┌──
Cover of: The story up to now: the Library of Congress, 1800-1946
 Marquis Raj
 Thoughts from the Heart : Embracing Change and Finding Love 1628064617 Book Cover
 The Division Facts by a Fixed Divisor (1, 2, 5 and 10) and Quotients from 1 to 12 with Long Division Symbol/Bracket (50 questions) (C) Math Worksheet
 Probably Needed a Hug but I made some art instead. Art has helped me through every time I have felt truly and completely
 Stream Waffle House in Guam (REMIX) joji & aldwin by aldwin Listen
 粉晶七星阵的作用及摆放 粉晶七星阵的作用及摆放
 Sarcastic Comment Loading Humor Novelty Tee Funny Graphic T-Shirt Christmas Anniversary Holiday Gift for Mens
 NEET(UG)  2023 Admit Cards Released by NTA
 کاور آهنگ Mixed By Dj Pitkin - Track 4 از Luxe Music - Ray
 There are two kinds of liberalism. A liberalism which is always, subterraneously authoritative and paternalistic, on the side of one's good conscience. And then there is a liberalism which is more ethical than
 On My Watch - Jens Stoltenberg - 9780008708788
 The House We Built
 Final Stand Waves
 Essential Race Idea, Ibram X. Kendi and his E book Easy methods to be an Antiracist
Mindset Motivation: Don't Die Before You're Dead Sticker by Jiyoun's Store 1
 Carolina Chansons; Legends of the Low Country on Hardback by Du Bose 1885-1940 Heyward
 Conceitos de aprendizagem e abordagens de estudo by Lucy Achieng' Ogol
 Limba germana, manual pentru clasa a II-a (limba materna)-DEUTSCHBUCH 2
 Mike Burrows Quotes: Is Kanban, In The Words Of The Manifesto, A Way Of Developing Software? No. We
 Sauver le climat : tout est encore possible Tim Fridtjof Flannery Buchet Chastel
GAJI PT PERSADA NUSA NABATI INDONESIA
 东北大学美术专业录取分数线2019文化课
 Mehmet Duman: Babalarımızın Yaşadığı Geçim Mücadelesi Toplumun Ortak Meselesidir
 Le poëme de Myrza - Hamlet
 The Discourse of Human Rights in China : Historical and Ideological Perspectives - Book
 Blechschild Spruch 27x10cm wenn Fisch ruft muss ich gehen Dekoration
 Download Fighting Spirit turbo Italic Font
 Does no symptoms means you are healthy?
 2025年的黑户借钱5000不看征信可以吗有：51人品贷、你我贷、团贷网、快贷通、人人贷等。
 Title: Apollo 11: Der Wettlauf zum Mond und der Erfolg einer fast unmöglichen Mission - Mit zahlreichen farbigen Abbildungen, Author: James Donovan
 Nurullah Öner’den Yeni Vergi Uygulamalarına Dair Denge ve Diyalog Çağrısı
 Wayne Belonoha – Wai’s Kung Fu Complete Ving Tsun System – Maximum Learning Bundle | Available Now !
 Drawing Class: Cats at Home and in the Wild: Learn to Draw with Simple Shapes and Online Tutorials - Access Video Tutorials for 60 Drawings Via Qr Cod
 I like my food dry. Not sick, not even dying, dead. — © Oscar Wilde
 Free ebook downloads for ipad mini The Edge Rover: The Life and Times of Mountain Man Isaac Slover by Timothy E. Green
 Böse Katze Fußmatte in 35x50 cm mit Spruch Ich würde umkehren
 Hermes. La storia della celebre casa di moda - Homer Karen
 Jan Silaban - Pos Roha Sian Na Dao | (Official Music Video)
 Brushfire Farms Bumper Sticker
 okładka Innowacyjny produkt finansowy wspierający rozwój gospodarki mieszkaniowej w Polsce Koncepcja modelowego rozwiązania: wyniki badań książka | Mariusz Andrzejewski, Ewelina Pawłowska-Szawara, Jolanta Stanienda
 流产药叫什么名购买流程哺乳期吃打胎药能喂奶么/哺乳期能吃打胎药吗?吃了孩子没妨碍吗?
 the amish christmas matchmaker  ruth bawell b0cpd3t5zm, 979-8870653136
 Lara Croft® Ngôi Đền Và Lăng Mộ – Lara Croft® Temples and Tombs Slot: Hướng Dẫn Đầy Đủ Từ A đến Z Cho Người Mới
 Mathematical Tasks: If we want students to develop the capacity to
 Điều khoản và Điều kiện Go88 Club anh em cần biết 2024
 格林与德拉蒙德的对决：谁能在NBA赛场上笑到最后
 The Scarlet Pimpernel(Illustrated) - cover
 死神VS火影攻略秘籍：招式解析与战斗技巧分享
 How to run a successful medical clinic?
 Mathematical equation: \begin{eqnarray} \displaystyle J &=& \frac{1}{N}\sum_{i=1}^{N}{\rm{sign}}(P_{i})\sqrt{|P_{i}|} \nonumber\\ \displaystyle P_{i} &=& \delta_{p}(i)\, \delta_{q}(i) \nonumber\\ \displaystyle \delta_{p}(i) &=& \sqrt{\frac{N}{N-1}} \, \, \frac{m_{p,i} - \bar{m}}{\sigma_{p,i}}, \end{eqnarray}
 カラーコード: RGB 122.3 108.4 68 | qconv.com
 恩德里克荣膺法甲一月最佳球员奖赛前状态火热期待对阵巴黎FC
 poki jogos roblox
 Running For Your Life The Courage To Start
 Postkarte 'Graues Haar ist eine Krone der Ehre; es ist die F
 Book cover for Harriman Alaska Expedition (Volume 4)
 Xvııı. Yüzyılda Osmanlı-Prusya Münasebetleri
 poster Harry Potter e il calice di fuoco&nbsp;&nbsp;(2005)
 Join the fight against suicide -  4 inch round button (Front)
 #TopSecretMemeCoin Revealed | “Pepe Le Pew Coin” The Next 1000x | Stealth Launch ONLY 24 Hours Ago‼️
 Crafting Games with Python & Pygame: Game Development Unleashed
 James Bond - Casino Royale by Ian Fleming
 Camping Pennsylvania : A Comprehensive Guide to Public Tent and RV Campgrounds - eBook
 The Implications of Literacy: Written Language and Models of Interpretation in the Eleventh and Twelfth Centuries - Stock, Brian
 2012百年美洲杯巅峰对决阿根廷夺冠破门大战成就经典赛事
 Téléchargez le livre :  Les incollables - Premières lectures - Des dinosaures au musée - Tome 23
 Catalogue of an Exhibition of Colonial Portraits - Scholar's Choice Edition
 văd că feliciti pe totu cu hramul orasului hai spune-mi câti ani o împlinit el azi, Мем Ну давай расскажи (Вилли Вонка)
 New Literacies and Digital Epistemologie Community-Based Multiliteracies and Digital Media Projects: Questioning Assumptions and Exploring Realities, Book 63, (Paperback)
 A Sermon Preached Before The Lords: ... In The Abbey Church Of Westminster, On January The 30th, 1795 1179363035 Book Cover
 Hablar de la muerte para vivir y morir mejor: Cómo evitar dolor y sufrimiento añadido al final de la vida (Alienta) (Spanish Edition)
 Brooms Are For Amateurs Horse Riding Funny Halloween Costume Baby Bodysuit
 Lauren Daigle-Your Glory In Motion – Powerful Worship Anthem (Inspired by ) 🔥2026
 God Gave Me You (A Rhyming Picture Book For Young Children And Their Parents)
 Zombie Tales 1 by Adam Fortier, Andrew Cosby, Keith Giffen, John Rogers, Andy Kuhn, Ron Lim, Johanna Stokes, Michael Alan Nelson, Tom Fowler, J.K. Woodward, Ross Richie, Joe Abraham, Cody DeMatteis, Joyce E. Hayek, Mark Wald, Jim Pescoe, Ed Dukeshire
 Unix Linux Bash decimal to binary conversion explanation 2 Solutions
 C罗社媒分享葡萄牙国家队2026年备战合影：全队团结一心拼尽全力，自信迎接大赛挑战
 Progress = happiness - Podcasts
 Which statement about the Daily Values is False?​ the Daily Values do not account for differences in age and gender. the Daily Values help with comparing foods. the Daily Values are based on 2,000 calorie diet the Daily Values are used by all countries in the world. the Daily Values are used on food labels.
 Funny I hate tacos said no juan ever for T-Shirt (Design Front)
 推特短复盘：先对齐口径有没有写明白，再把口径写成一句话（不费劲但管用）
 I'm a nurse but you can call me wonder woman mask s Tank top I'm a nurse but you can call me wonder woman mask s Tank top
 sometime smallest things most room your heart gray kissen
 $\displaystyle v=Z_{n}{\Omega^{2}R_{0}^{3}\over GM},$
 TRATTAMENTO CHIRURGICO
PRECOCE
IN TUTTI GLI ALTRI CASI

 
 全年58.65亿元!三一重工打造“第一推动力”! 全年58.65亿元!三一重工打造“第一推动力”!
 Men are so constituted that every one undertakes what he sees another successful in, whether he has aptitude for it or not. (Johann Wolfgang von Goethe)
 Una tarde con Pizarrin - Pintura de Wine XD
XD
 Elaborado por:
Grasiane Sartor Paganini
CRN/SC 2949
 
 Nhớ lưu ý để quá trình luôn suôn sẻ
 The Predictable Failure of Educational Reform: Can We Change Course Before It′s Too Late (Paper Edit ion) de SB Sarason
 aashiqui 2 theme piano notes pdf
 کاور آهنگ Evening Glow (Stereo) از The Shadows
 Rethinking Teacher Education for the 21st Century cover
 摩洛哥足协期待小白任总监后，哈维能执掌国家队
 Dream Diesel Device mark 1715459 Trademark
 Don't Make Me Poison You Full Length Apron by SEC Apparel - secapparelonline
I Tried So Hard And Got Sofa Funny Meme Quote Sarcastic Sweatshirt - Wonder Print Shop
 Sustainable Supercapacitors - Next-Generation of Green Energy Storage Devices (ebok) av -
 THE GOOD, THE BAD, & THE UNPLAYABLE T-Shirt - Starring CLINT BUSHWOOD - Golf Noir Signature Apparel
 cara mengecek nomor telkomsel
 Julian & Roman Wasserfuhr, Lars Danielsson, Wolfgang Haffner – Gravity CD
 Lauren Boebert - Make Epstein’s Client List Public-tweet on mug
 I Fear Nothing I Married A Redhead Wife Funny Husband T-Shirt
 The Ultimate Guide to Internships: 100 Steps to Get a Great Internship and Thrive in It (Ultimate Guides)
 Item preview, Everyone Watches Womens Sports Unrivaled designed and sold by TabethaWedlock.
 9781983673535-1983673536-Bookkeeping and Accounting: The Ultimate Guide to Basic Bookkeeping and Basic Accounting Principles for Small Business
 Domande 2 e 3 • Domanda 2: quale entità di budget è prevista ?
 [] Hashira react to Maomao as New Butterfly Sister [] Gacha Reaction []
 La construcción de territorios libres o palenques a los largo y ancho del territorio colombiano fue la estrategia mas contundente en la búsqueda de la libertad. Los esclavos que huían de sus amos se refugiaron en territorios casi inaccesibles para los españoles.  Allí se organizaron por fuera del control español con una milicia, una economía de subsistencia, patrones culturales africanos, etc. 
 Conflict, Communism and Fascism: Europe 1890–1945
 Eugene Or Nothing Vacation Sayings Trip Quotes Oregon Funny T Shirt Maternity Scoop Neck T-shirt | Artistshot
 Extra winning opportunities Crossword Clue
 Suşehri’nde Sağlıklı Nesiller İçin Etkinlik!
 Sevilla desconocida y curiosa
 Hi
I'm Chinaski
└──
* WORK ITEM
Starting at the first line of the records above, please copy every line exactly through the line containing "Sauver le climat", and stop there.

* SOLUTION FOR THIS PROBLEM
Cover of: The story up to now: the Library of Congress, 1800-1946
 Marquis Raj
 Thoughts from the Heart : Embracing Change and Finding Love 1628064617 Book Cover
 The Division Facts by a Fixed Divisor (1, 2, 5 and 10) and Quotients from 1 to 12 with Long Division Symbol/Bracket (50 questions) (C) Math Worksheet
 Probably Needed a Hug but I made some art instead. Art has helped me through every time I have felt truly and completely
 Stream Waffle House in Guam (REMIX) joji & aldwin by aldwin Listen
 粉晶七星阵的作用及摆放 粉晶七星阵的作用及摆放
 Sarcastic Comment Loading Humor Novelty Tee Funny Graphic T-Shirt Christmas Anniversary Holiday Gift for Mens
 NEET(UG)  2023 Admit Cards Released by NTA
 کاور آهنگ Mixed By Dj Pitkin - Track 4 از Luxe Music - Ray
 There are two kinds of liberalism. A liberalism which is always, subterraneously authoritative and paternalistic, on the side of one's good conscience. And then there is a liberalism which is more ethical than
 On My Watch - Jens Stoltenberg - 9780008708788
 The House We Built
 Final Stand Waves
 Essential Race Idea, Ibram X. Kendi and his E book Easy methods to be an Antiracist
Mindset Motivation: Don't Die Before You're Dead Sticker by Jiyoun's Store 1
 Carolina Chansons; Legends of the Low Country on Hardback by Du Bose 1885-1940 Heyward
 Conceitos de aprendizagem e abordagens de estudo by Lucy Achieng' Ogol
 Limba germana, manual pentru clasa a II-a (limba materna)-DEUTSCHBUCH 2
 Mike Burrows Quotes: Is Kanban, In The Words Of The Manifesto, A Way Of Developing Software? No. We
 Sauver le climat : tout est encore possible Tim Fridtjof Flannery Buchet Chastel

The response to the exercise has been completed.